Work task: Your answer must be a single number: how many lines in the records include the word "Assembly".

Dataset records:
_ _ _ _

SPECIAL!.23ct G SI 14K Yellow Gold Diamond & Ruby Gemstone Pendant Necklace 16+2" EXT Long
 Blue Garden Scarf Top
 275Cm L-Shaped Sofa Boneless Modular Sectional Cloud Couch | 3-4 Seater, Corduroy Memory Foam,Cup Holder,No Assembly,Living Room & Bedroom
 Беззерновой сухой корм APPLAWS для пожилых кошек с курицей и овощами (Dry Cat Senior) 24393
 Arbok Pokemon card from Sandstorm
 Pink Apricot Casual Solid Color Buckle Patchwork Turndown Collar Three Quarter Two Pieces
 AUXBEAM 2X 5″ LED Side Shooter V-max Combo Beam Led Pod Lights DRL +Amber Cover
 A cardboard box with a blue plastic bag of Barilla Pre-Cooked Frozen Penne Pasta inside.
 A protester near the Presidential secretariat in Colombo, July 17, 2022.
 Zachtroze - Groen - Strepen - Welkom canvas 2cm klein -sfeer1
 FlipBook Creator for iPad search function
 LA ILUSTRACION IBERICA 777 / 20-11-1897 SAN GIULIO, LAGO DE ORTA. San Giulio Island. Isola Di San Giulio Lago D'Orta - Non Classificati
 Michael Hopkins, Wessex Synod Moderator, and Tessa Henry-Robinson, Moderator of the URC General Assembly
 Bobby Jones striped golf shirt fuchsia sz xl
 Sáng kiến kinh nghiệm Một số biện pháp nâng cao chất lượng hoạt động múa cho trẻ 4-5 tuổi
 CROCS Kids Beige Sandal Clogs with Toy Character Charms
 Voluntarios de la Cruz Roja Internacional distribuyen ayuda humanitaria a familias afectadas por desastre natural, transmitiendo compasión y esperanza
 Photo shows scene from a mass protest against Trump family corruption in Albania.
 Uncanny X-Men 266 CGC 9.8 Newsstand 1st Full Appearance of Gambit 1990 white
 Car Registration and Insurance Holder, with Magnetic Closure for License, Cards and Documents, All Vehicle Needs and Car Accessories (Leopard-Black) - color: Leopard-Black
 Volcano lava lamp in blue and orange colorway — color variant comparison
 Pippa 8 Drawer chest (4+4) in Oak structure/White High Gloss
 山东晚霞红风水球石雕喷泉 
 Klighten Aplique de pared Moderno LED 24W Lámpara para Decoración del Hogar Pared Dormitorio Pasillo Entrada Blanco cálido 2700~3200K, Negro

_ _ _ _

Your response: 2